Andrew Quirl plans to hit downtown Stephenville in protest Saturday.

"I'm exercising my First Amendment right," the 34-year-old Stephenville resident said.

He plans to stage a peaceful protest on Election Day, when as many as 800 voters are expected to cast ballots in city elections. Quirl said he will picket the courthouse square, signs in tow.

Quirl said he has the right to share the message with fellow voters and encourage them to vote for "anyone" but Stephenville Mayor Nancy Hunter, who is seeking her third term at the helm of the city council.

Quirl said his issues with Hunter have been fermenting for years.

In July 2008, the council voted to deny a request by Quirl, then owner of Uncle Hoovers Southern Dining, to rezone the property on Lingleville Road where the business was operating to a B-5. The zoning change would have allowed the restaurant to serve alcohol.

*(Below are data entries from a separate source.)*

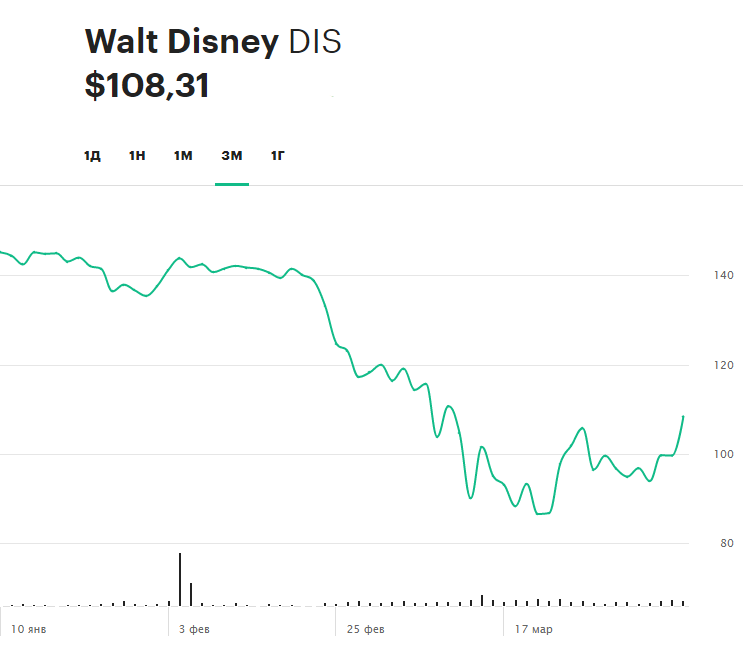 Динамика акций Disney за последние три месяца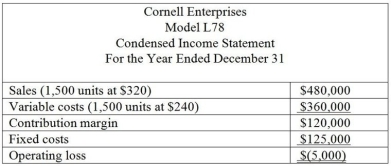 Cornell Enterprises currently produces several products. Model L78 is showing a net operating loss as indicated by the following condensed income statement prepared for the year ended December 31.    You have been hired by Cornell Enterprises to help analyze the decision as to whether to eliminate Model L78. Upon investigation, you discover that if Model L78 is eliminated, $20,000 of the fixed costs shown on the above condensed income statement can be eliminated. The rest of the fixed costs allocated to Model L78 are common fixed costs that will be allocated to the remaining two products produced by Cornell Enterprises. Determine if Cornell Enterprises should discontinue Model L78.
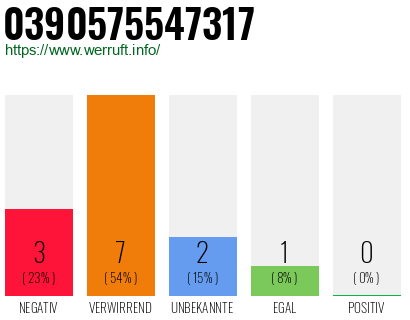 Rufnummer 0390575547317 Telefonnummer 0390575547317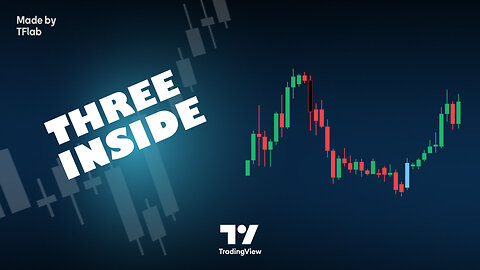 🔍📈 Three Inside - 3 Inside Up & Down Chart Patterns indicator in #tradingview [#TradingFinder] 🚀🎯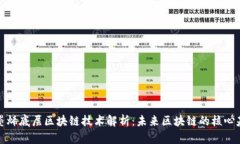 石墨烯底层区块链技术解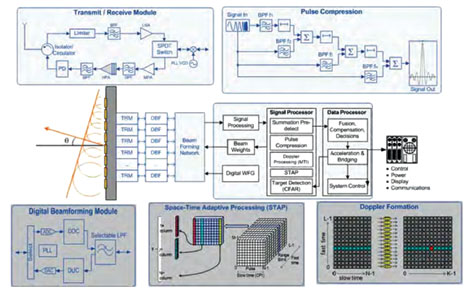 figure 2. generic radar signal processing diagram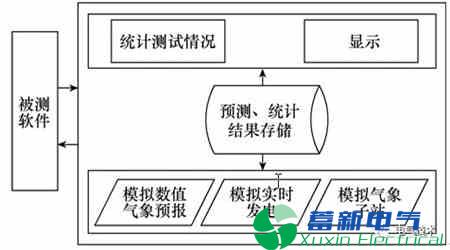 电力专用逆变电源-新能源发电功率预测系统数据流容错研究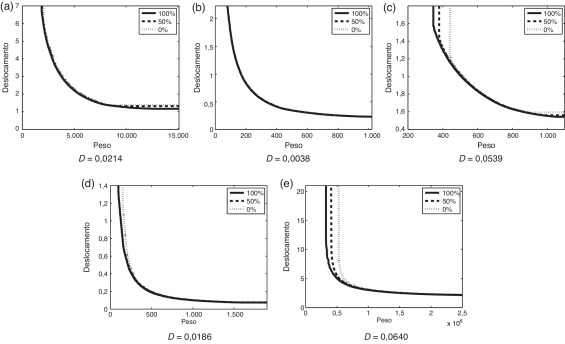 Curvas dos conjuntos EAF do algoritmo GDE3 com probabilidades de 100, 50 e 0% ...
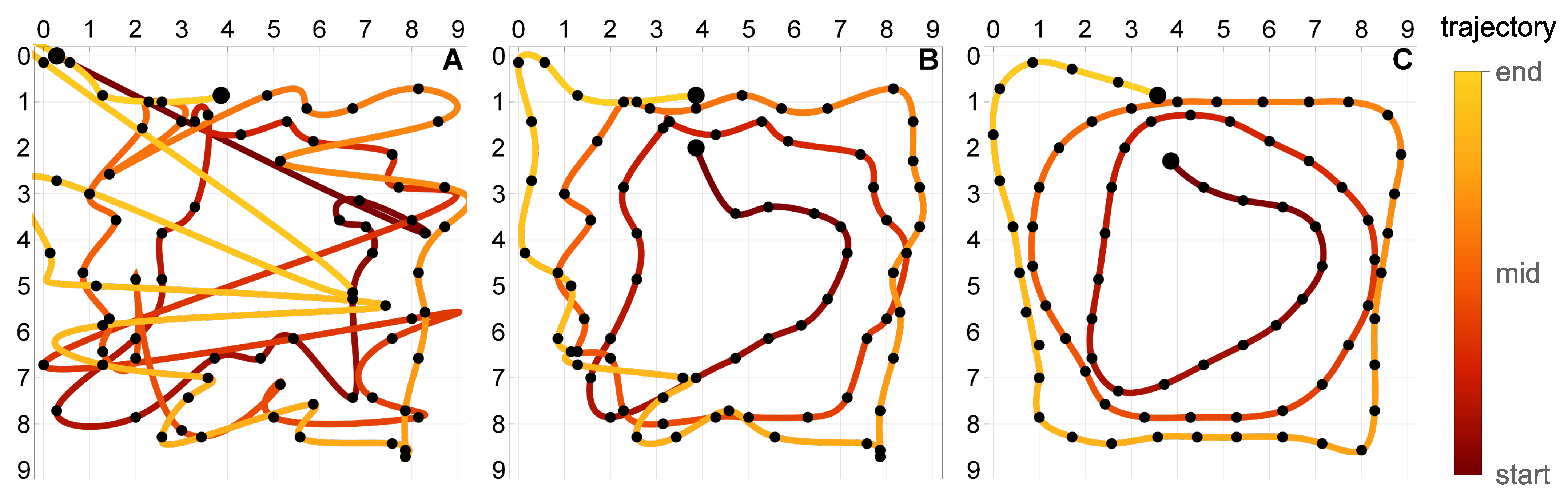 Sensors 21 00304 g014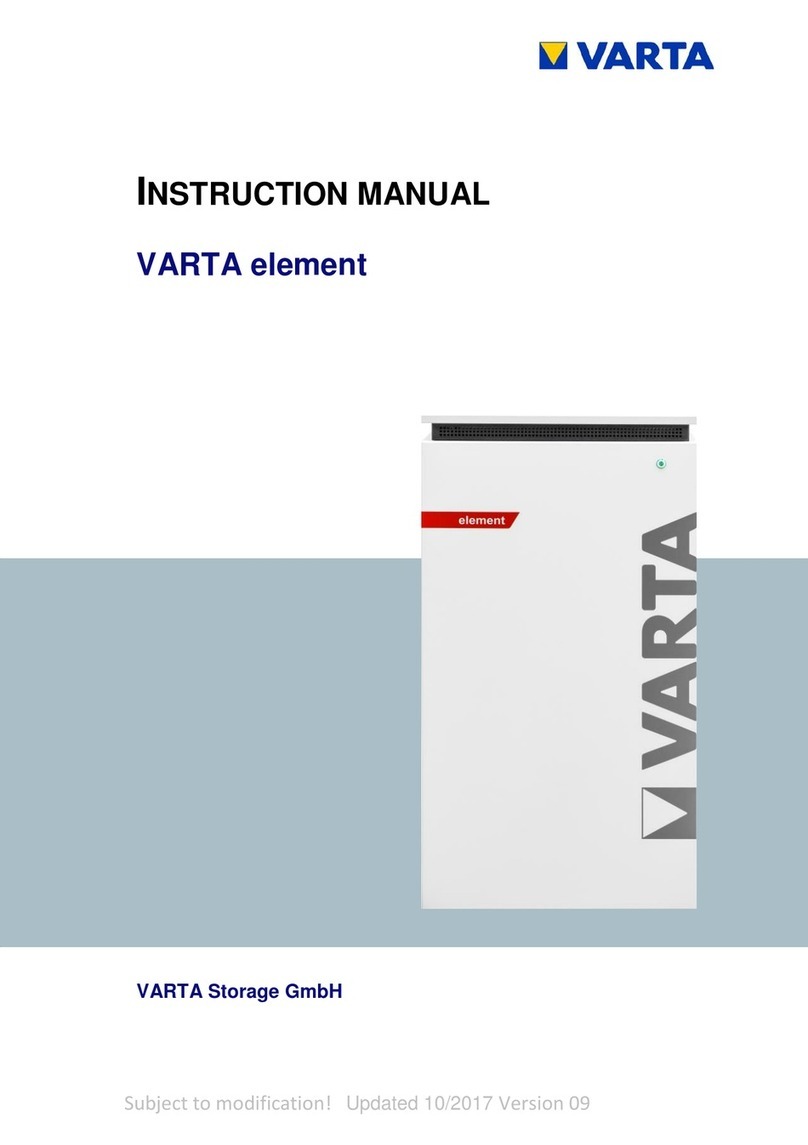Varta element Series instruction manual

At that time, Quirl claimed Hunter told him she would support his request prior to the vote, but she opposed the issue when it was presented to the city council. It was a claim Hunter denied when questioned by the E-T.

"I never said that. What I said was, 'Silence from the mayor is a majority vote,'" Hunter said in 2008. "But in this case, I voted 'no' on the issue regardless of how the others voted."

"That was a bold faced lie on her part," Quirl said Wednesday.

In defending her actions Thursday, Hunter said she stands behind her vote, which was issued during her second meeting as mayor. She said rezoning requests are typically granted to property owners - not renters - and the owner was deceased and the property was for sale at that time. She also said six individuals, including affected property owners, spoke against the request before the council issued a 6:2 vote against it.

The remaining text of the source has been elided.